Kızıldere, bir yanıyla bir katliamın, bir yargısız infazın, derin devlet geleneğinin icra ettiği zalim bir vakıadır. Henüz tüm yönleriyle açıklığa kavuşmamış bu katliamın derin devlet arşivlerindeki tozlu raflardan çıkması beklenmektedir. Kamuoyunun aradan geçen onlarca yıla rağmen cevabını bulamadığı bu katliamı tüm yönleriyle ancak demokratik bir devletin ortaya koyabileceğini de biliyoruz. Bu yanıyla Kızıldere katliamı bir hukuk savaşı olarak da bu günün konusu olmaya devam ediyor; baskında hala canlı olan ya da yarılı bulunanların yerinde infaz edildiği gerçeği, toplumsal korkularımızın devletle ilgili yanlarına önemli mesajlar içerdiğinden söz etmek yanlış olmayacaktır.
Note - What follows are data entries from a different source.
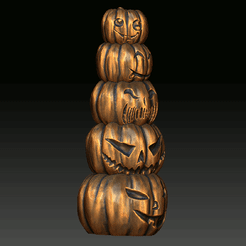 Sans titre2.gif Download STL file Funtoy Hallowen cone pumpkin • 3D print model, Nymuh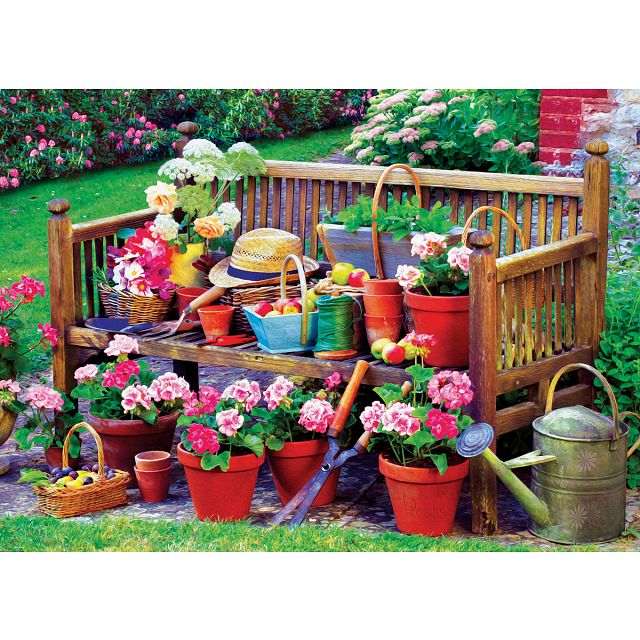 Click to get Garden Bench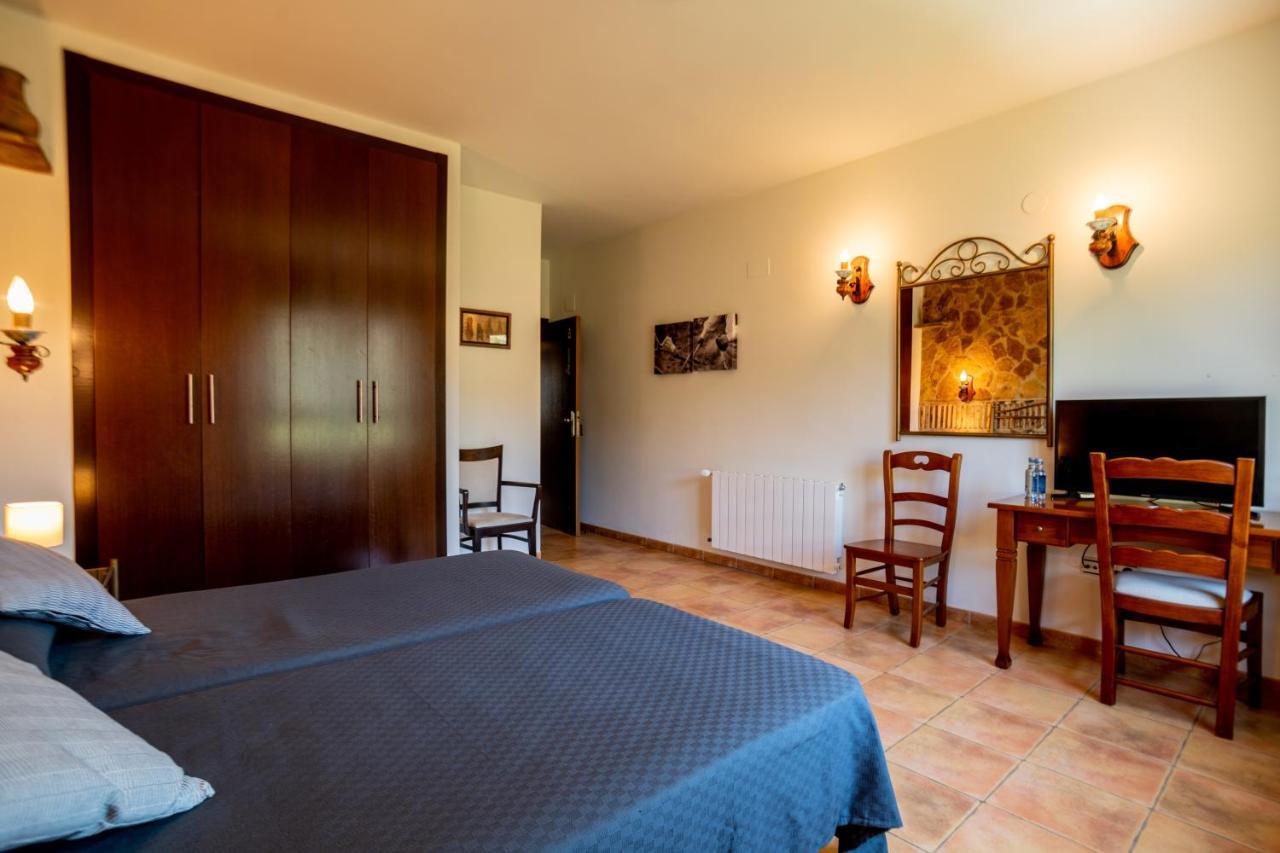 Hostal El Guerrer Todolella Екстер'єр фото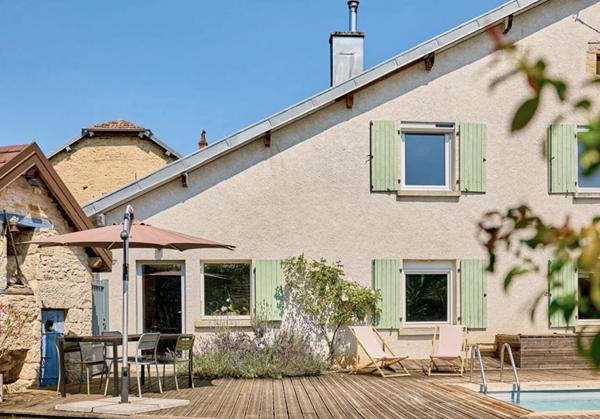 Immobilier Besançon (25000) – Maison de village 174m2 – 409 000 €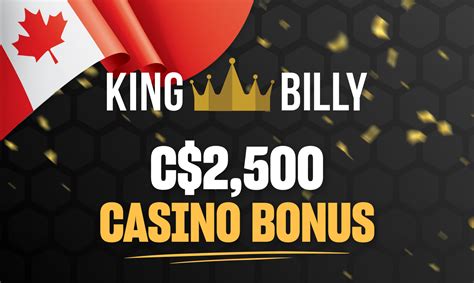 King Billy Casino: 50 Free Spins No Deposit Bonus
Bu katliamın sorgusu, şeffaf toplum özlemlerimize katacağı değerler kadar, bir direniş destanı olmasının da demokrasi umutlarımız için katacağı daha fazla değerler olduğunu belirteceğim. Kızıldere katliamı sorgusunun gerçekçi sonuçlarını elde edebilmek için, bu vakıanın bilinçaltımıza yerleştirdiği direniş çizgisinin, demokrasi güçlerinin kararlılıklarına, dayanışmasına, gelecek kuşaklar için özverili duruşuna katkılarının ön planda tutulması gereklidir.
Bu gün sizlerle bu kanaatlerimin tarihi köklerine ve bu gün taşıdığı anlama işaret edeceğim.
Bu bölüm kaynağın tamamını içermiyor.